**Required work:** For this task, output exactly the lines of the material below starting at the line with "Toy packaging labeled" and ending at the line with "Aufkleber An artistic"; pictures are to be excluded.

**The records:**

=======

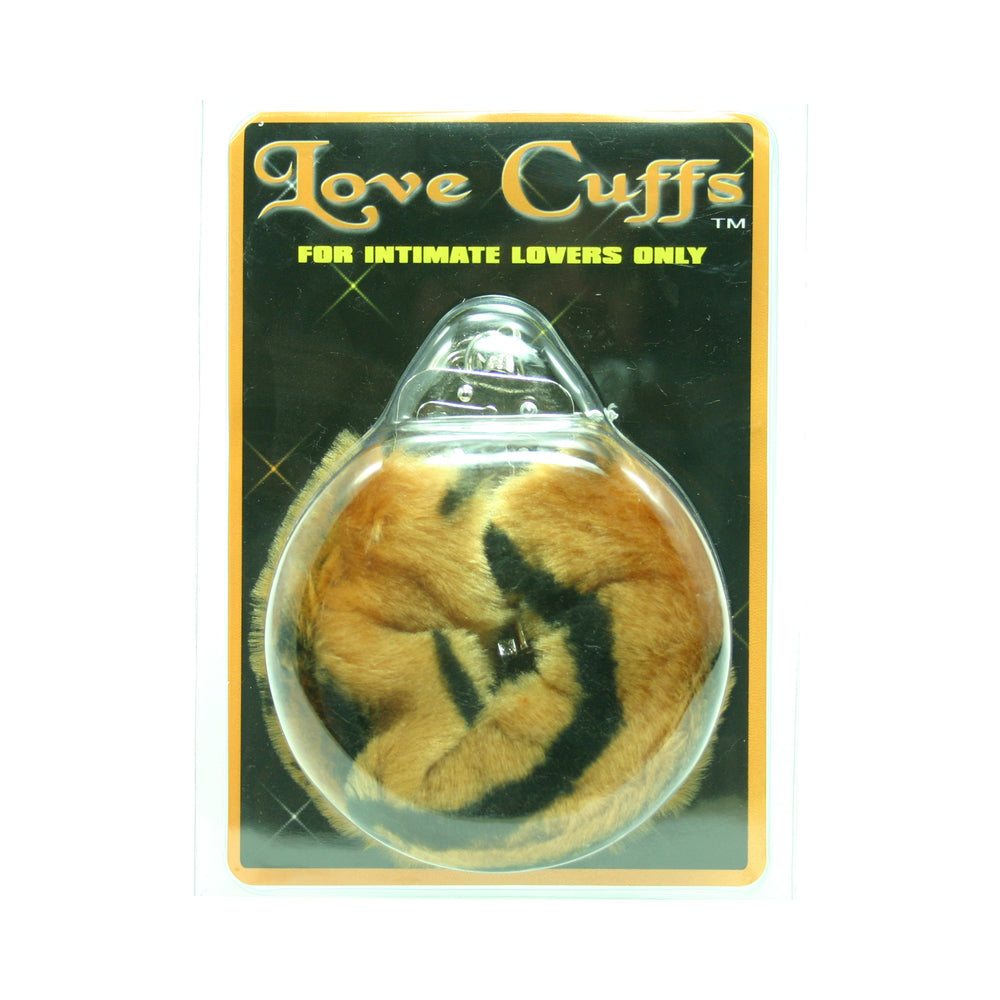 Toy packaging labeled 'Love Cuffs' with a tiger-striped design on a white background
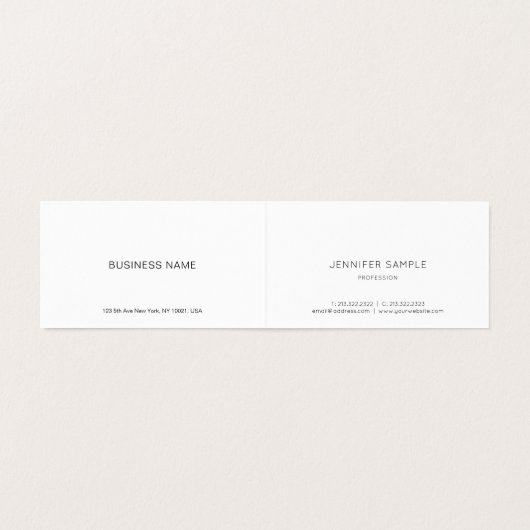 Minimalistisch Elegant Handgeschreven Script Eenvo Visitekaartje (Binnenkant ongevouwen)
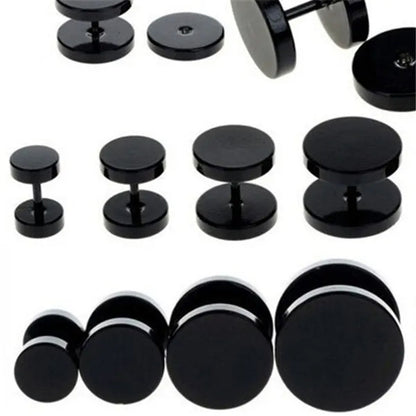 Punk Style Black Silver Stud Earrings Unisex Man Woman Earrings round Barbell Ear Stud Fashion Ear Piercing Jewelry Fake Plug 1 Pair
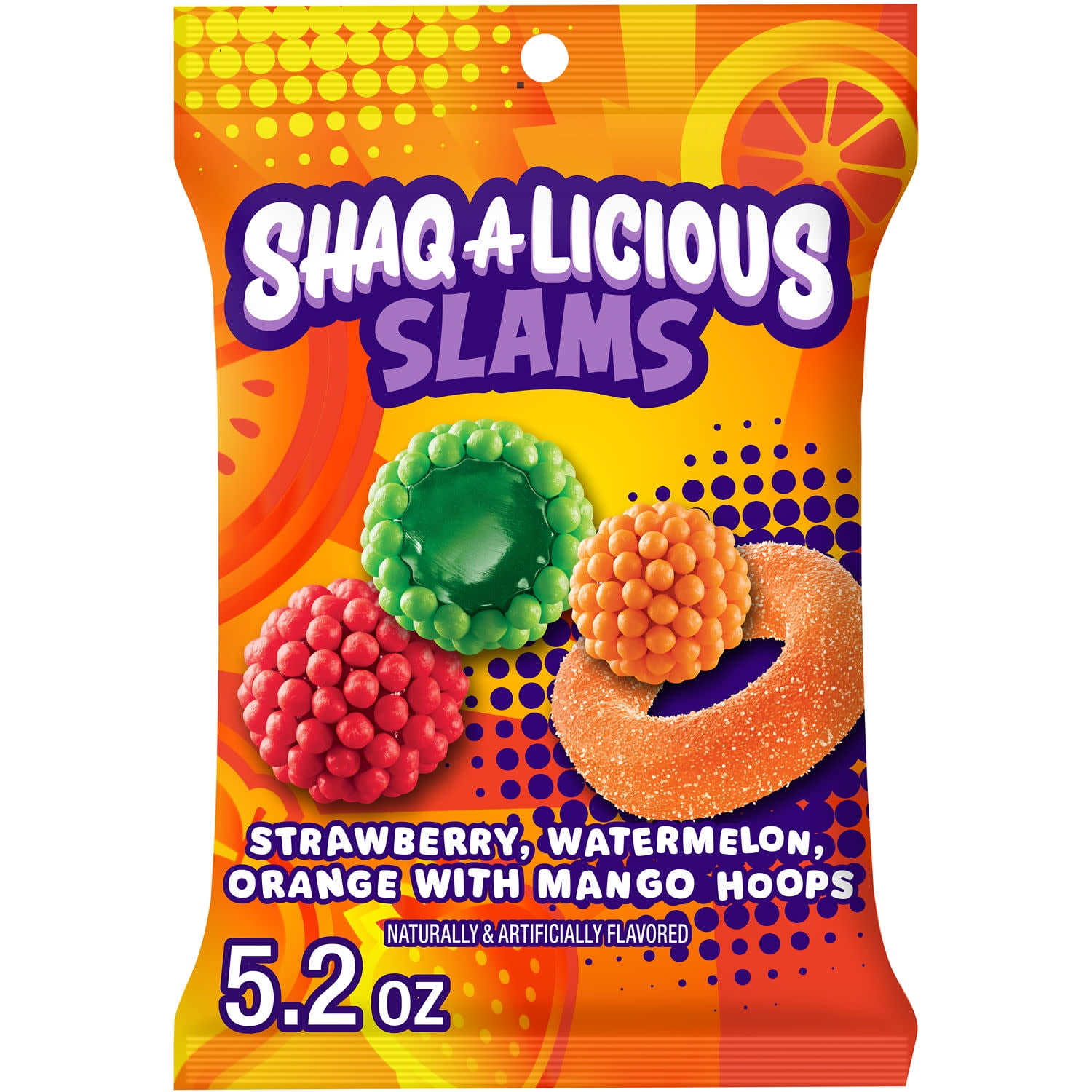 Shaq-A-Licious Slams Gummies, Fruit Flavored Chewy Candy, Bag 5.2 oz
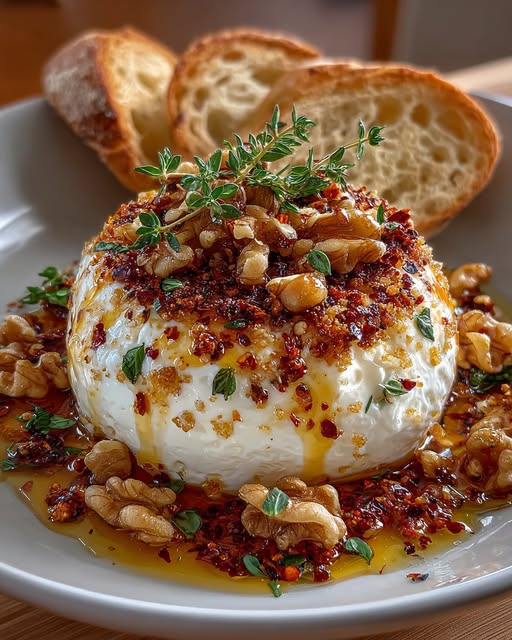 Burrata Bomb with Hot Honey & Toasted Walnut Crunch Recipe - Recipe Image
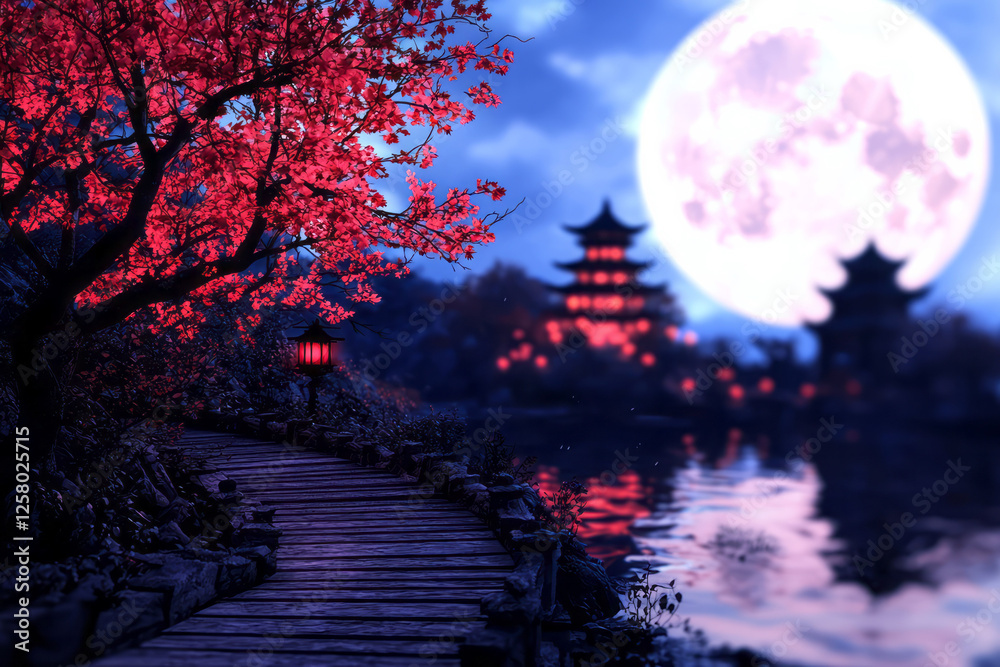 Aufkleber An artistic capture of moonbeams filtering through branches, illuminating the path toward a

=======

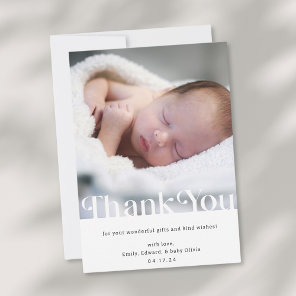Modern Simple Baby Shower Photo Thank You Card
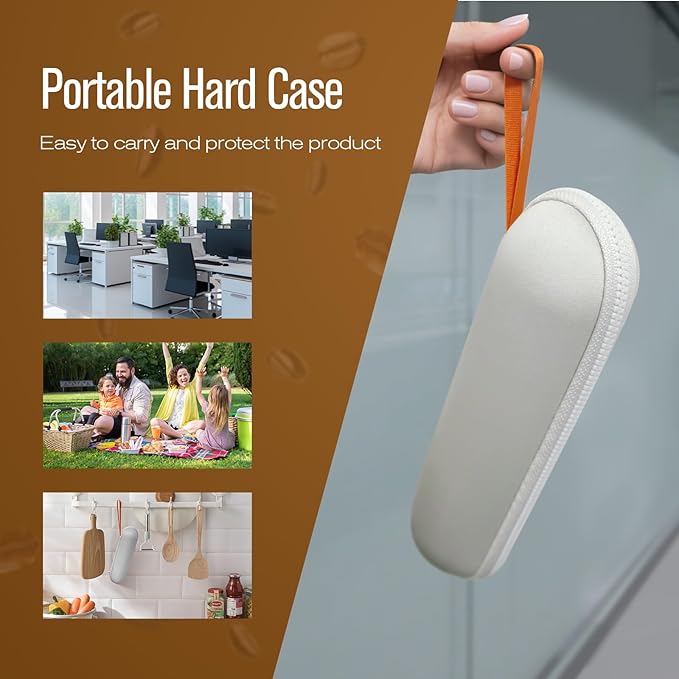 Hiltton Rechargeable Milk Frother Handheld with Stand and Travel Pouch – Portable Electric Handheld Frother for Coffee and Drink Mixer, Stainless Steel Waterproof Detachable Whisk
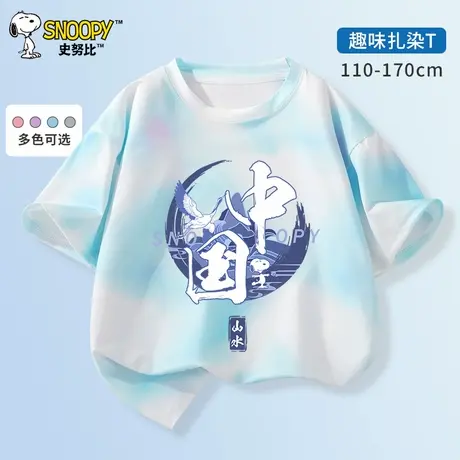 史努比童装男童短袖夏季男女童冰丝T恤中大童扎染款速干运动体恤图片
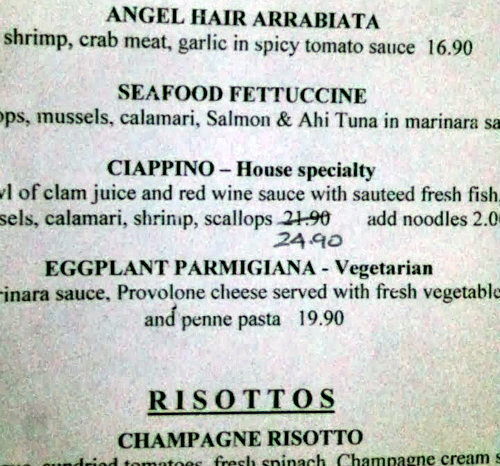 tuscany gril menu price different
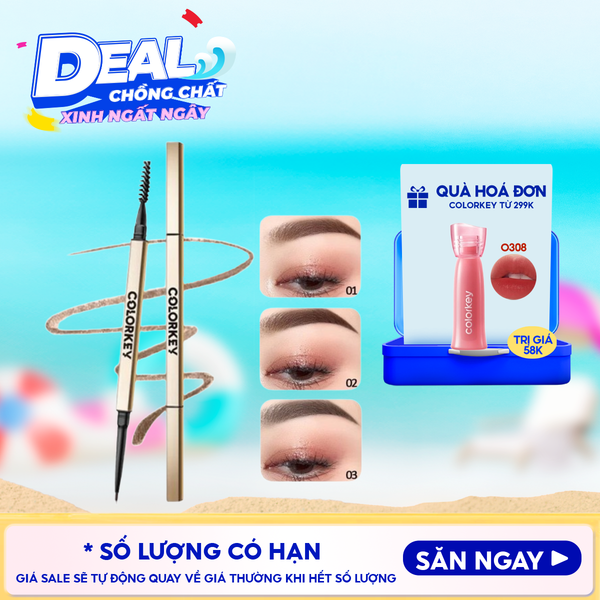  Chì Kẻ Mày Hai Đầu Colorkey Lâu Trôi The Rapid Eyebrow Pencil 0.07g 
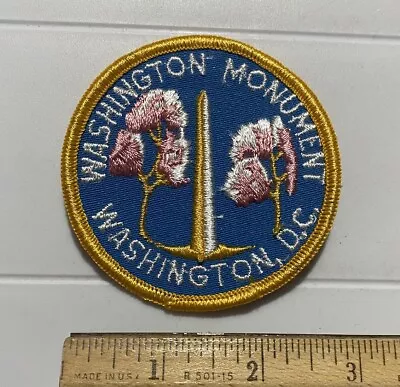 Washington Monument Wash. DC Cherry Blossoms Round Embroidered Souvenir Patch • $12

=======

**Exercise answer:**
 Toy packaging labeled 'Love Cuffs' with a tiger-striped design on a white background
 Minimalistisch Elegant Handgeschreven Script Eenvo Visitekaartje (Binnenkant ongevouwen)
 Punk Style Black Silver Stud Earrings Unisex Man Woman Earrings round Barbell Ear Stud Fashion Ear Piercing Jewelry Fake Plug 1 Pair
 Shaq-A-Licious Slams Gummies, Fruit Flavored Chewy Candy, Bag 5.2 oz
 Burrata Bomb with Hot Honey & Toasted Walnut Crunch Recipe - Recipe Image
 Aufkleber An artistic capture of moonbeams filtering through branches, illuminating the path toward a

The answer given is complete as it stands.